Let's find a number whose exponential curve has tangent slope $1$ at the $y$-axis. For this, we take the curve $y = 3^x$ and estimate what factor to horizontally stretch it. To start, we must estimate the slope of the tangent line to $y = 3^x$ at its $y$-intercept $A(0, 3^0)$. But how? Does that need Calculus? No! Algebra is enough!

Consider a very-nearby point on the curve: $B(h, 3^h)$, where $h$ is tiny but not zero. The slope of line $AB$ is $$\frac{3^h - 3^0}{h - 0}$$ Use $h = 0.0001$ to approximate that tangent slope: $$\frac{3^{0.0001} - 1}{0.0001 - 0} \approx 1.09867$$ Thus a horizontal stretch by a factor of $\approx 1.09867$ will make the tangent slope $\approx 1$. So $3^{x/1.09867} = (3^{1/1.09867})^x$ has a tangent slope of $\approx 1$.

Therefore, $3^{1/1.09867} \approx 2.71814$ is close to $e$. This is pretty good, because actually $e \approx 2.718281828459045$.

Pre-Calculus usually teaches a different definition of $e$, as the limit of the expression $\big(1 + \frac 1 n \big)^n$ which arises from continuously compounded interest. To reconcile the approaches, we now visually prove that $\big(1 + \frac 1 n \big)^n$ approaches the same number we defined.

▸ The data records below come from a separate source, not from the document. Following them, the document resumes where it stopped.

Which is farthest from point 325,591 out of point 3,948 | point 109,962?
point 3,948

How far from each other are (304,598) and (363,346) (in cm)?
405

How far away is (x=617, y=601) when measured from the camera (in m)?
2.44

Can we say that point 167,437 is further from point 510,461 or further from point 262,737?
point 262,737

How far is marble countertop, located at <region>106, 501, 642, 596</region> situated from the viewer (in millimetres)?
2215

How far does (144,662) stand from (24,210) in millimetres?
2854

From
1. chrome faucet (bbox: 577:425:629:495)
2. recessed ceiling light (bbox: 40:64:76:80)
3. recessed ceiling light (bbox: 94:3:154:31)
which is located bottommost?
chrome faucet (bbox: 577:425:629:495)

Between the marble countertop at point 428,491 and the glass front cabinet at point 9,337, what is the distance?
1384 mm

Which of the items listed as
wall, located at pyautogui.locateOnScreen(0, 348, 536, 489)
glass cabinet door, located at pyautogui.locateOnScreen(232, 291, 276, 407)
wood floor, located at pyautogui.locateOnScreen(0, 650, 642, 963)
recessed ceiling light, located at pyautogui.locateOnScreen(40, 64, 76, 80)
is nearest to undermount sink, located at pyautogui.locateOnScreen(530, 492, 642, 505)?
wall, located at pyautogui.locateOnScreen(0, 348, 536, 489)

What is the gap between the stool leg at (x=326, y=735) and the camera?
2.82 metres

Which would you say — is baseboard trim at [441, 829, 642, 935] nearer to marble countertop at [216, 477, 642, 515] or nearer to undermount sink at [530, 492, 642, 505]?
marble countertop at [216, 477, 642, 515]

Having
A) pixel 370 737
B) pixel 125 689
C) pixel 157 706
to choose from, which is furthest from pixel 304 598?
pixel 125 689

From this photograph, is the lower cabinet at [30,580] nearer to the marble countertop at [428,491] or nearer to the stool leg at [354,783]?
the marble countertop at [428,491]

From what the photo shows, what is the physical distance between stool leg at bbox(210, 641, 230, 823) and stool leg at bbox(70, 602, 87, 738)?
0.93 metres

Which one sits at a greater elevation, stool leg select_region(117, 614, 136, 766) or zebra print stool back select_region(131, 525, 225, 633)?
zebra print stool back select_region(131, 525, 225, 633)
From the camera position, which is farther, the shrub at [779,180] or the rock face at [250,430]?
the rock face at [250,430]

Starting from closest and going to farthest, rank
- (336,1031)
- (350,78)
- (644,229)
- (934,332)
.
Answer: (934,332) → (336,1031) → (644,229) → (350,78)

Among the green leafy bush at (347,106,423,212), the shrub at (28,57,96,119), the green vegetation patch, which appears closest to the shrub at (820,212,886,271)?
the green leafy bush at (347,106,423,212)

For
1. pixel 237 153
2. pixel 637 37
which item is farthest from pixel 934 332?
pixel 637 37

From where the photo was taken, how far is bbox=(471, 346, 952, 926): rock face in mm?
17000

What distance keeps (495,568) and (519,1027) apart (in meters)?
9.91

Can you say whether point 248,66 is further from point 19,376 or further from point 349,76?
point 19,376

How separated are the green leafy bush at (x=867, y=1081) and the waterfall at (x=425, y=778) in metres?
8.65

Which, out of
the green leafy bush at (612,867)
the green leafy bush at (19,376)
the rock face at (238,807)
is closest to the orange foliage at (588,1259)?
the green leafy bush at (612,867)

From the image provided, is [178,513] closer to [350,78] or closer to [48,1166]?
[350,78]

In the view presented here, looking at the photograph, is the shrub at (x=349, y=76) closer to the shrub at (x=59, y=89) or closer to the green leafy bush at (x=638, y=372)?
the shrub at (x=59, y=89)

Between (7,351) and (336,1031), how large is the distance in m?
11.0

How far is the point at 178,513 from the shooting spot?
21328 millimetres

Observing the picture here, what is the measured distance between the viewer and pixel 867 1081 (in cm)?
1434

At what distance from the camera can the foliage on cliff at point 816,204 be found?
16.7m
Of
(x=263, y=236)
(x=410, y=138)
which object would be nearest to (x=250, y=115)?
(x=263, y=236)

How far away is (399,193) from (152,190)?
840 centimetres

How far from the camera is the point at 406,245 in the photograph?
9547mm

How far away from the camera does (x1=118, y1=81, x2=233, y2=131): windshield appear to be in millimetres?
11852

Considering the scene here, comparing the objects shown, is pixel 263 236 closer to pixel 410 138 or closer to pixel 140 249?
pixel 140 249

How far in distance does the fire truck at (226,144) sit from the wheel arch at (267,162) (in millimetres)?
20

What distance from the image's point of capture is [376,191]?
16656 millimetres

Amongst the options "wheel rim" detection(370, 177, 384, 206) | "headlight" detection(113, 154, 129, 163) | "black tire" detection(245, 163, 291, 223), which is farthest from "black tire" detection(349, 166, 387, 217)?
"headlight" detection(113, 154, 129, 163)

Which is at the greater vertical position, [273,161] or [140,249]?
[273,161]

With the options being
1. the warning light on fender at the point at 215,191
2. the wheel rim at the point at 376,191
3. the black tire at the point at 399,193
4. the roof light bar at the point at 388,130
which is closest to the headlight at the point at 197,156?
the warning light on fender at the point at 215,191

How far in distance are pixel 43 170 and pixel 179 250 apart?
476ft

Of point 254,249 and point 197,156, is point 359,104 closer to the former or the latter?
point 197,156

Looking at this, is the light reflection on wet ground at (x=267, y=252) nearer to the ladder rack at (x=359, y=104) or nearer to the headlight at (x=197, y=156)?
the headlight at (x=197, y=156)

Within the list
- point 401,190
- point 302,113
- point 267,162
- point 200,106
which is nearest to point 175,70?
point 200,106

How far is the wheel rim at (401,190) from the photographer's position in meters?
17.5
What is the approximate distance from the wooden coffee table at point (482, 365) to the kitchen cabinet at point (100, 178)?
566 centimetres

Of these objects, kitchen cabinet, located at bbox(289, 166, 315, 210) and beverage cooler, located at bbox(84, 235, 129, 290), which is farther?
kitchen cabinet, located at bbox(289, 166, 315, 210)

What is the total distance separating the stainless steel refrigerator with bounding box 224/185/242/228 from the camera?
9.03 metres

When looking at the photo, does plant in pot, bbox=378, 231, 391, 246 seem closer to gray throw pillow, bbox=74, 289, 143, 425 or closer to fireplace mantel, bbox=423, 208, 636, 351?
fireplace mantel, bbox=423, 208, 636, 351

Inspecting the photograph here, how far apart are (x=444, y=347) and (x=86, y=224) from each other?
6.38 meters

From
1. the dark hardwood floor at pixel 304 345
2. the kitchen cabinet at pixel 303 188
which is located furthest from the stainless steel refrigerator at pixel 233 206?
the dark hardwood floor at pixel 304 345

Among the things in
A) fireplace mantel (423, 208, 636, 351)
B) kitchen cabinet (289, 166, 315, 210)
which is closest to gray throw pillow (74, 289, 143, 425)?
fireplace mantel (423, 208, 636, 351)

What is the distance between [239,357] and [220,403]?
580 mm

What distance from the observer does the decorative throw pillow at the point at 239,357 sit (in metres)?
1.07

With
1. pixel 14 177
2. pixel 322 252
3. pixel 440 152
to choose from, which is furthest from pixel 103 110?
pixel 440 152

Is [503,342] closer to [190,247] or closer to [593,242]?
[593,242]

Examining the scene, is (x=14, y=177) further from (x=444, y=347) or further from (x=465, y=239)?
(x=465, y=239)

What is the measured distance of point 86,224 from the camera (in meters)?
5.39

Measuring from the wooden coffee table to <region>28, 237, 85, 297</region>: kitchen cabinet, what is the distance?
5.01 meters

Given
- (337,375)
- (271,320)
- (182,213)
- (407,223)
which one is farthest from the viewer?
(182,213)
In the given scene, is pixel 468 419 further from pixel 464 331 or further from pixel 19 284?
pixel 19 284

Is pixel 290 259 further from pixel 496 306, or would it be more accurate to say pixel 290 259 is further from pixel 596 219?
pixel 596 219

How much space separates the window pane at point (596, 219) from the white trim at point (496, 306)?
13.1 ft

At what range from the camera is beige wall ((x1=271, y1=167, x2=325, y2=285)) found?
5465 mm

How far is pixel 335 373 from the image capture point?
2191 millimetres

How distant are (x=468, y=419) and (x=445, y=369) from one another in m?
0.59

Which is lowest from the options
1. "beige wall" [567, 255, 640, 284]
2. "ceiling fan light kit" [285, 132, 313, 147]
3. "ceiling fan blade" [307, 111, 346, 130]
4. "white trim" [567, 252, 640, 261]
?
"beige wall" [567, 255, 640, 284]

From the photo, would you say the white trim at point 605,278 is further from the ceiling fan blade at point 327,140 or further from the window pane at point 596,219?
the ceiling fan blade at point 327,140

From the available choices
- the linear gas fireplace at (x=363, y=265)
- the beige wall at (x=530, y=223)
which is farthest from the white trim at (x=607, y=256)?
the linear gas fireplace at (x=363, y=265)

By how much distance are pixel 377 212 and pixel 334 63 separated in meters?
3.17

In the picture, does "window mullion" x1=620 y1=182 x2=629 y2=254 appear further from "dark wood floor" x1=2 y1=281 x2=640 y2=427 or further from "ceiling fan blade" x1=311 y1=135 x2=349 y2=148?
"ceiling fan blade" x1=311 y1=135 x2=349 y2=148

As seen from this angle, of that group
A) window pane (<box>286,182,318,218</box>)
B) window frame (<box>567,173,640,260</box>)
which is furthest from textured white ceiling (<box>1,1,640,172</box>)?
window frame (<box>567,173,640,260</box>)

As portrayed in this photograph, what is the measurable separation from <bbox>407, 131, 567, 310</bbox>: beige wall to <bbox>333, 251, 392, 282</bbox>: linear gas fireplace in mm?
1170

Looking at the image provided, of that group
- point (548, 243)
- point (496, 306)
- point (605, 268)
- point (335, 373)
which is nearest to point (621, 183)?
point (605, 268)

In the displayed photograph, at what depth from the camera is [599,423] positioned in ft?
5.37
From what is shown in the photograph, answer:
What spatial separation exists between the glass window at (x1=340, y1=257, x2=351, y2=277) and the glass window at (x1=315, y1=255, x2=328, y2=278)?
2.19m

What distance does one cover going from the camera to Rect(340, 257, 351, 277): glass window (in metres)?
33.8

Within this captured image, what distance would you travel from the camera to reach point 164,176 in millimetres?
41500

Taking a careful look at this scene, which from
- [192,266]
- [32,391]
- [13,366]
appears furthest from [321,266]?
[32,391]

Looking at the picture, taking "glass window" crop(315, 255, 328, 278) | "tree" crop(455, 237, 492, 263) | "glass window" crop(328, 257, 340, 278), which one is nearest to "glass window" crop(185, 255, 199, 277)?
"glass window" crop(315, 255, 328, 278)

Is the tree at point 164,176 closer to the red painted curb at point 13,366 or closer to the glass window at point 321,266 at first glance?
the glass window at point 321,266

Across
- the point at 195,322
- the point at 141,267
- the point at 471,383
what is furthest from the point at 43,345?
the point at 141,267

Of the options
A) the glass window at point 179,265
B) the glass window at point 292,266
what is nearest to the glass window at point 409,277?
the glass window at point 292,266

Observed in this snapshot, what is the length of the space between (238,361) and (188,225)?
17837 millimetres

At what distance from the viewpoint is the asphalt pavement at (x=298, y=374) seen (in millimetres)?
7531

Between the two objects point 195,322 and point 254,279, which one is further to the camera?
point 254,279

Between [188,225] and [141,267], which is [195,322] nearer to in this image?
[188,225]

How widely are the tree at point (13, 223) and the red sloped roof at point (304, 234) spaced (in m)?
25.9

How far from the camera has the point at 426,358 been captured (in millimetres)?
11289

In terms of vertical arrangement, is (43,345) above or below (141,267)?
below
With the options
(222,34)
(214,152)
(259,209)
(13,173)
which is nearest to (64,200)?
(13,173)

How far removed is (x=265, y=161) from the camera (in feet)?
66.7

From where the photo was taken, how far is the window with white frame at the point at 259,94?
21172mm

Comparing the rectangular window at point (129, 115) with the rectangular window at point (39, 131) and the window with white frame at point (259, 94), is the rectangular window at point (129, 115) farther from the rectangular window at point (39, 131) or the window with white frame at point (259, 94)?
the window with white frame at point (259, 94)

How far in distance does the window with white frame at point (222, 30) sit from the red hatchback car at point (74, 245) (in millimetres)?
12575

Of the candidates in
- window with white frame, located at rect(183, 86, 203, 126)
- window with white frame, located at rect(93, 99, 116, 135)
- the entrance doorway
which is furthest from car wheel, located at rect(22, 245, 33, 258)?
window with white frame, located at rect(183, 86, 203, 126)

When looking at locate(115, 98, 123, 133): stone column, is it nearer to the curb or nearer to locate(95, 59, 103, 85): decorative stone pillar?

Since $\log_b x$ is the inverse function of $b^x$ for any base $b$, using our base $e$ we get $$\begin{align*} \left(1 + \frac 1 n\right)^n &= \left(e^{\log_e \left(1 + \frac 1 n\right)}\right)^n \\ &= e^{n \log_e \left(1 + \frac 1 n\right)} \end{align*}$$ We used base $b = e$ (instead of, say, $10$) because it now conveniently suffices to show that the expression in the exponent tends to $1$ as $n$ grows. That expression rearranges into a slope calculation! $$n \log_e \left(1 + \frac 1 n\right) = \frac{\log_e \left(1 + \frac 1 n\right)}{\frac{1}{n}}$$ $$= \frac{\log_e \left(1 + \frac 1 n\right) - \log_e (1)}{\left(1 + \frac 1 n\right) - (1)}$$ That's the slope of the line through the point $(1, 0)$ on the curve $y = \log_e x$ and another point very nearby on the curve. As $n$ grows, that tends to the slope of the tangent line at $(1, 0)$. We are done as soon as we prove that slope is $1$ (which is also a natural objective to seek).

To that end, since $\log_e x$ is the inverse function of $e^x$, their graphs are reflections over the line $y = x$.

Both of the following lines have slope $1$:

• the tangent line to $y = e^x$ through $(0, 1)$ by definition of $e$; and
• the line $y = x$.

So, they are parallel, making this nice reflection:

Therefore, the slope of the tangent line to $y = \log_e x$ at $(1, 0)$ is indeed $1$, completing the proof!